Les autres sculptures du Jardin des Tarots
Le jardin ne se réduit pas aux cartes des tarots et aux sens que l’on peut y lire.
Si tu fais attention, le long du parcours tu trouveras d’autres installations mineures, comme l’Oracle ou le chat Ricardo. Même la plaque à l’entrée te parle du projet de l’artiste, de sa vision de la vie et de l’art, ainsi que des tarots et de l’ésotérisme. Les liens entre ses sculptures-architectures, le parcours qui serpente entre des sols couverts de phrases, de signatures, de poèmes, de hiéroglyphes et d’échiquiers : tout fait partie d’un projet absolument visionnaire.
Une chose est sûre : pour moi, ce fut une source d’inspiration et de réflexion incroyable.
Le sera-t-il aussi pour toi ?

Comment se rendre au Jardin des Tarots
Le Jardin des Tarots n’est pas très bien signalé, mais il se trouve non loin de Capalbio, en Toscane, au lieu-dit Garavicchio, près de Pescia Fiorentina (province de Grosseto).
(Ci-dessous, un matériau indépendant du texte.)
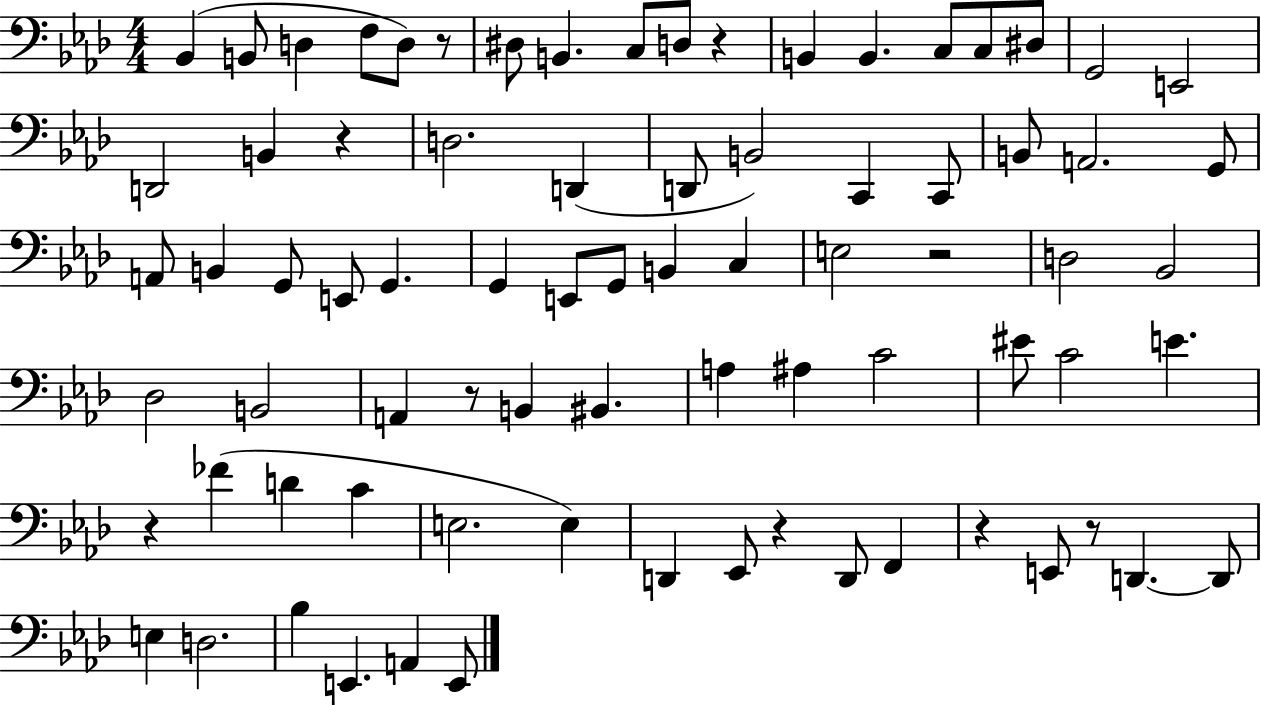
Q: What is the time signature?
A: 4/4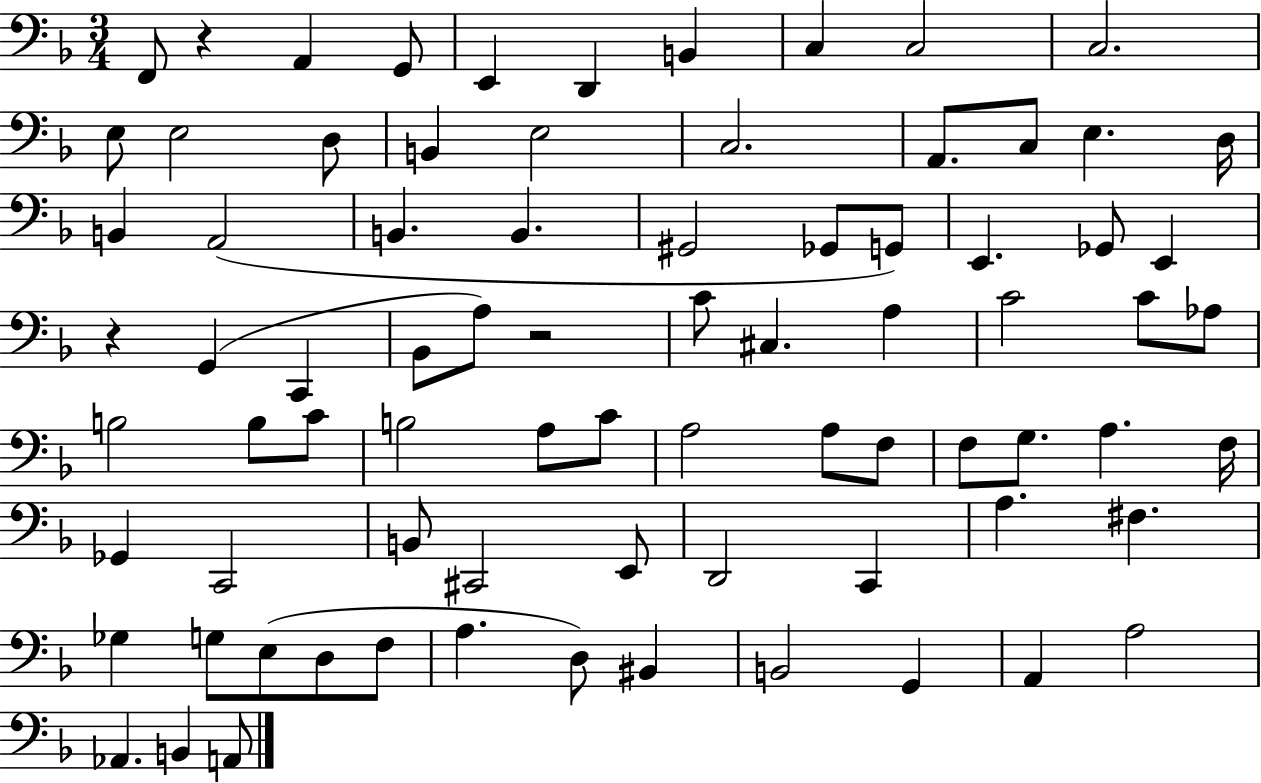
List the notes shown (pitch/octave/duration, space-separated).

F2/e R/q A2/q G2/e E2/q D2/q B2/q C3/q C3/h C3/h. E3/e E3/h D3/e B2/q E3/h C3/h. A2/e. C3/e E3/q. D3/s B2/q A2/h B2/q. B2/q. G#2/h Gb2/e G2/e E2/q. Gb2/e E2/q R/q G2/q C2/q Bb2/e A3/e R/h C4/e C#3/q. A3/q C4/h C4/e Ab3/e B3/h B3/e C4/e B3/h A3/e C4/e A3/h A3/e F3/e F3/e G3/e. A3/q. F3/s Gb2/q C2/h B2/e C#2/h E2/e D2/h C2/q A3/q. F#3/q. Gb3/q G3/e E3/e D3/e F3/e A3/q. D3/e BIS2/q B2/h G2/q A2/q A3/h Ab2/q. B2/q A2/e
Depuis Rome, c’est simple : prends l’E80 (Aurelia) en direction du nord ; l’autoroute depuis Civitavecchia est aussi très pratique. Si tu préfères ne pas conduire, un tour du Jardin des Tarots et de Capalbio au départ de Civitavecchia t’y conduit avec un guide, pratique surtout si tu arrives en croisière.
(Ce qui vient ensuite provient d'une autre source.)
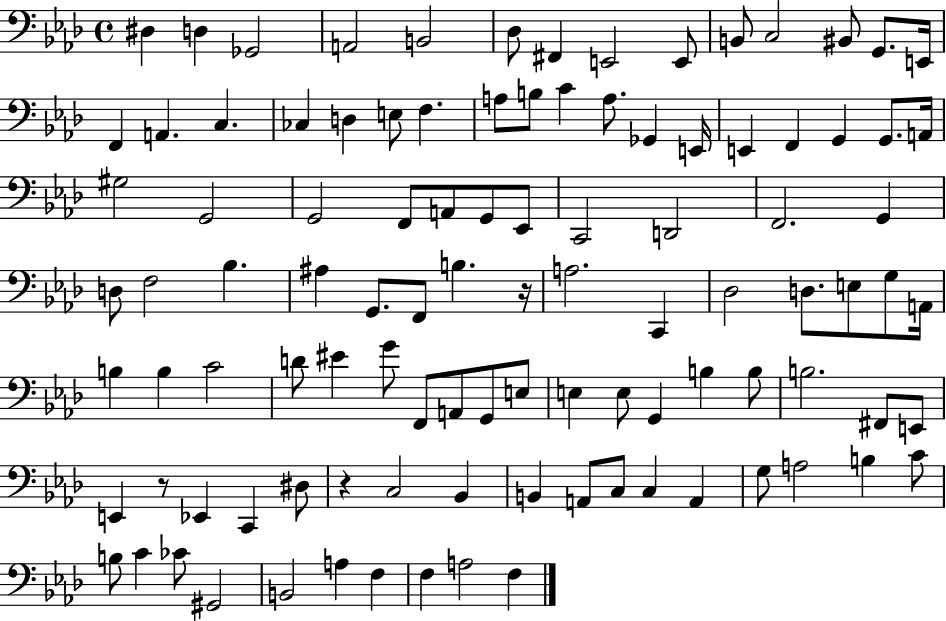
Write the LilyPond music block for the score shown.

{
  \clef bass
  \time 4/4
  \defaultTimeSignature
  \key aes \major
  dis4 d4 ges,2 | a,2 b,2 | des8 fis,4 e,2 e,8 | b,8 c2 bis,8 g,8. e,16 | \break f,4 a,4. c4. | ces4 d4 e8 f4. | a8 b8 c'4 a8. ges,4 e,16 | e,4 f,4 g,4 g,8. a,16 | \break gis2 g,2 | g,2 f,8 a,8 g,8 ees,8 | c,2 d,2 | f,2. g,4 | \break d8 f2 bes4. | ais4 g,8. f,8 b4. r16 | a2. c,4 | des2 d8. e8 g8 a,16 | \break b4 b4 c'2 | d'8 eis'4 g'8 f,8 a,8 g,8 e8 | e4 e8 g,4 b4 b8 | b2. fis,8 e,8 | \break e,4 r8 ees,4 c,4 dis8 | r4 c2 bes,4 | b,4 a,8 c8 c4 a,4 | g8 a2 b4 c'8 | \break b8 c'4 ces'8 gis,2 | b,2 a4 f4 | f4 a2 f4 | \bar "|."
}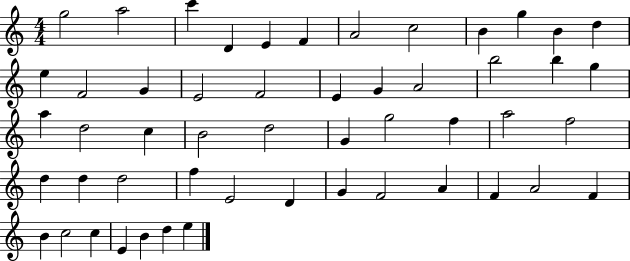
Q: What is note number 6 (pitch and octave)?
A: F4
Jardin des Tarots : billets et horaires
Le billet d’entrée coûte 15 euros (plein tarif) et 10 euros (tarif réduit, pour les enfants de 7 à 16 ans, les plus de 65 ans et les groupes). Le jardin est généralement ouvert du 1er avril au 15 octobre, l’après-midi (environ de 14h30 à 19h30, avec une dernière entrée un peu avant). Vérifie toujours les horaires et la saison à jour sur le site officiel du Jardin des Tarots avant de partir.
Je ne suis pas experte en tarots ni en ésotérisme, alors je crois n’avoir saisi qu’un dixième du sens que l’artiste voulait donner à ce parc. Mais en amoureuse de l’art, je peux t’assurer que ses sculptures sont magnifiques, même pour qui, comme moi, n’a pas encore approfondi le sujet.